Mobil baja yang seharusnya menjadi pelindung malah melaju cepat merenggut nyawa rakyat kecil. Bukankah seharusnya kendaraan itu melintas perlahan karena di sekitarnya banyak masyarakat yang bisa terluka? Jika alasannya ancaman, bukankah aparat sudah berlindung di balik kerasnya rangka mobil yang tak mungkin rusak oleh bilah kayu atau bambu?
Ironi ini tidak hanya berakhir di jalan raya. Ketika rakyat menyerukan pembubaran DPR, respons yang diterima malah menyalahkan kebodohan masyarakat. Anggota Dewan yang sejatinya menjadi corong suara rakyat justru menjawab tanpa empati dan penuh arogansi.

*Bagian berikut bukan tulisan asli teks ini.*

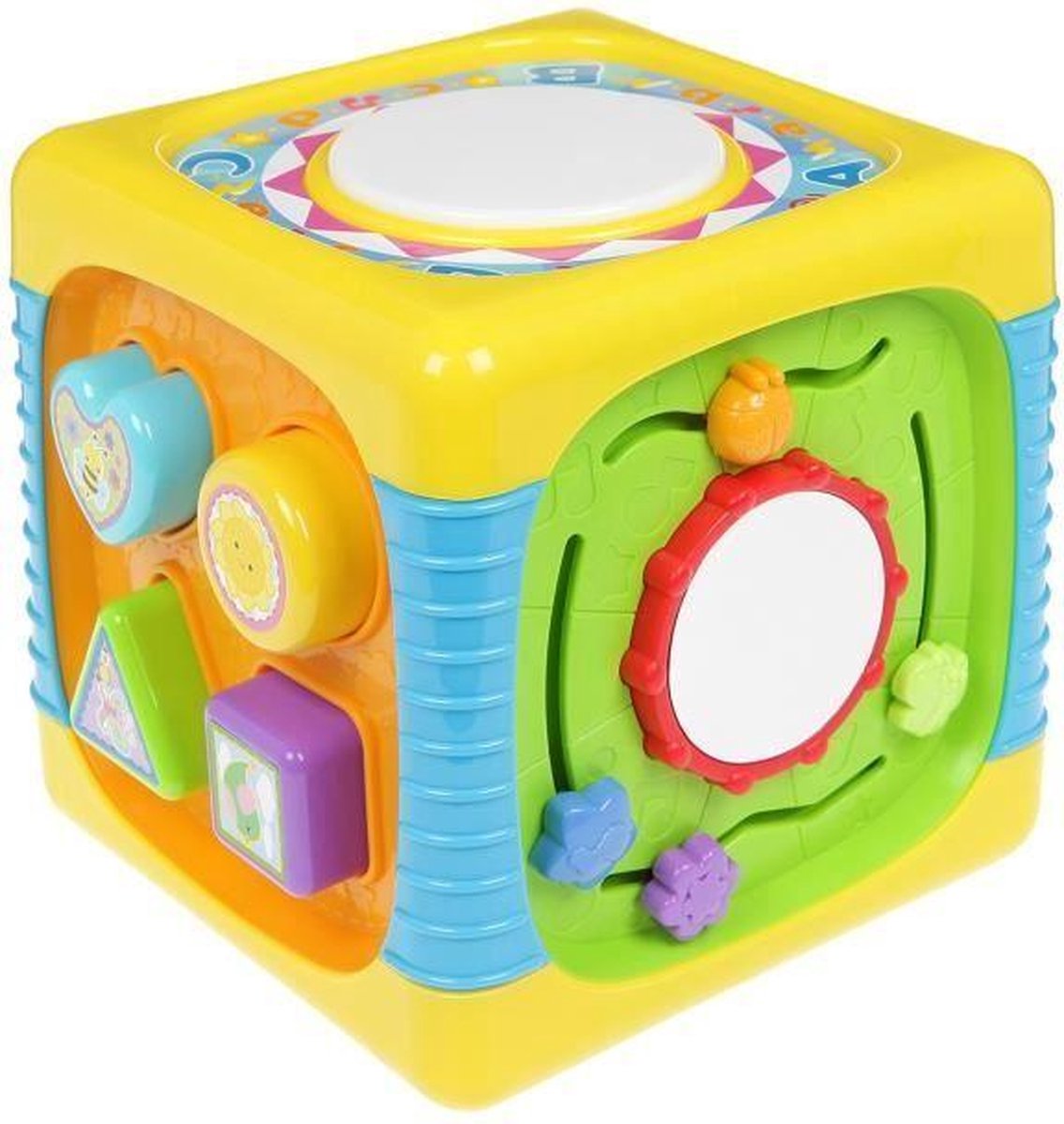 WINFUN - Fun Music Activity Cube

Kesenjangan ini begitu telanjang. Ketika seorang tukang harus menghabiskan 166 jam dalam 26 hari untuk mendapatkan pendapatan Rp6,4 juta. Setiap hari ada pertaruhan nyawa bagi mereka.
Kontras dengan gaji dan tunjangan DPR yang fantastis. Bahkan salah satu dari mereka merespons reaksi masyarakat dengan mengatakan: "Indonesia memiliki mentalitas senang melihat orang susah, dan tidak senang melihat orang senang."

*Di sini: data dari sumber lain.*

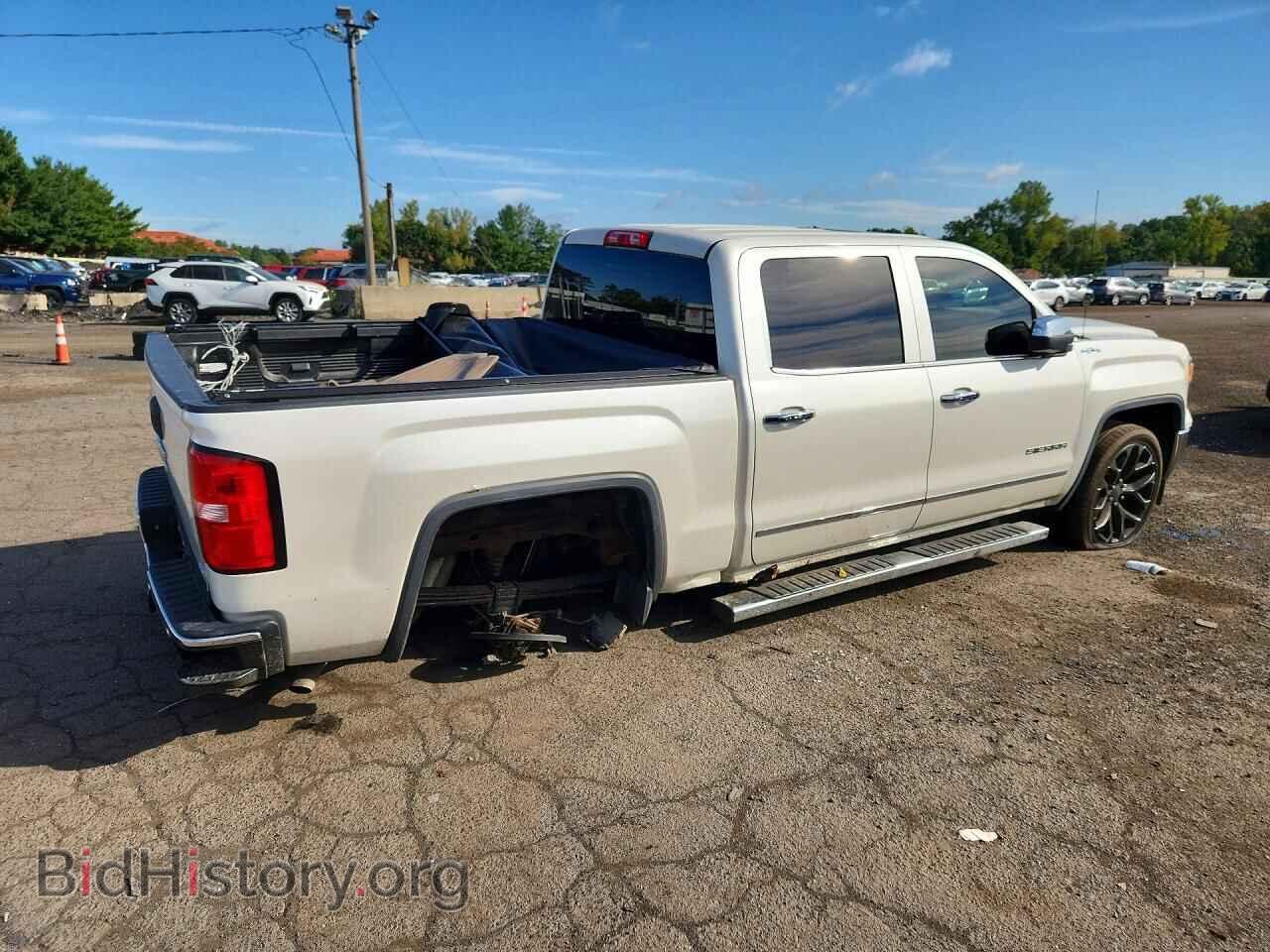 2014 GMC SIERRA - VIN: 3GTU2VEC7EG337232 - Photo 3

Mereka lupa bahwa emosi psikologis di balik tuntutan itu ada rasa kecewa atas begitu tingginya jarak sosial-ekonomi antara penguasa dengan masyarakat.
Leviathan yang Menyimpang
Thomas Hobbes dalam Leviathan (1651) mengilustrasikan negara sebagai monster raksasa yang lahir dari kontrak sosial, di mana rakyat menyerahkan hak kebebasannya demi perlindungan. Namun Leviathan di Jakarta justru muncul bukan sebagai pelindung, melainkan sebagai penggilas masyarakat kecil. Seluruh aparat negara seharusnya menjadi Leviathan, pelindung atas kontrak sosial yang telah disepakati.
Dalam teori klasik Barat seperti John Locke dan Jean-Jacques Rousseau menegaskan bahwa negara hanya sah selama masih berfungsi melindungi hak untuk hidup, bebas, dan memiliki properti. Bila aparat berkhianat, maka rakyat berhak menarik mandatnya. Hak ini melekat dan menjadi hak dasar manusia.

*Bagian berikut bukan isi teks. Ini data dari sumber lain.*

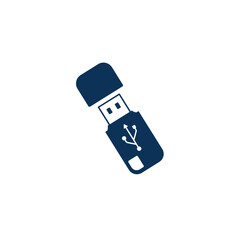 usb flash drive icon symbol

Dalam konteks Indonesia, Leviathan lebih mirip dengan apa yang disebut Max Weber sebagai sangkar besi birokrasi dan C. Wright Mills sebagai kuasa elite. Aparat dan politisi tidak lagi memiliki beban moral untuk menjaga kontrak sosial ala Hobbesian.
Namun, mereka sibuk menjaga privilese sendiri agar terus berkuasa. Inilah gambaran utuh penyimpangan Leviathan jika sudah berkompromi secara patron-klien antara legislatif, eksekutif, dan yudikatif.
Jika kita menarik lebih jauh dari literatur cendekiawan muslim seperti Al-Mawardi, sangat jelas digambarkan bahwa kekuasaan hanya akan bertahan jika penguasa menegakkan keadilan. Ia menegaskan salah satu ciri kerusakan negara adalah hilangnya amanah dan kepercayaan rakyat pada pemerintah. Selain itu, Ibn Khaldun menggambarkan bahwa arogansi dan penindasan melalui penarikan pajak tinggi akan mengikis 'asabiyyah (solidaritas antara penguasa dan rakyat).
Survei (16-21 Januari 2025) menunjukkan hampir 30% masyarakat tidak percaya pada DPR dan Polri. Angka ini berpotensi akan menurun. Kasus Brimob di Pejompongan hanyalah satu dari banyaknya penyimpangan Leviathan.
Sudah terlalu sering kita melihat tebang pilih kasus, korupsi pejabat dan anggota dewan, serta kekerasan oleh aparat pemilik senjata terhadap rakyat sipil. Semua ini menjadi gambaran budaya kekuasaan di Indonesia. Reaksi wakil rakyat yang arogan, kasar, dan meremehkan rakyat bukanlah sekadar masalah temperamen pribadi. Ini adalah cerminan pola relasi kuasa antara penguasa dengan rakyat kecil.
Keadilan sebagai Fondasi
Pergerakan politik dan relasi kuasa di Indonesia mengalami perbedaan penafsiran terhadap kesenjangan keadilan antara pandangan penguasa dan rakyat. Keadilan bagi penguasa adalah kepatuhan dan stabilitas, sementara bagi masyarakat adalah kesejahteraan.
Selain itu, pola kekuasaan juga lebih mengedepankan kepentingan politik dibandingkan dengan pandangan moral. Ini bisa dilihat bagaimana hukum digunakan sebagai sarana untuk kelas dominan yang memiliki kekuasaan untuk memaksa dari atas.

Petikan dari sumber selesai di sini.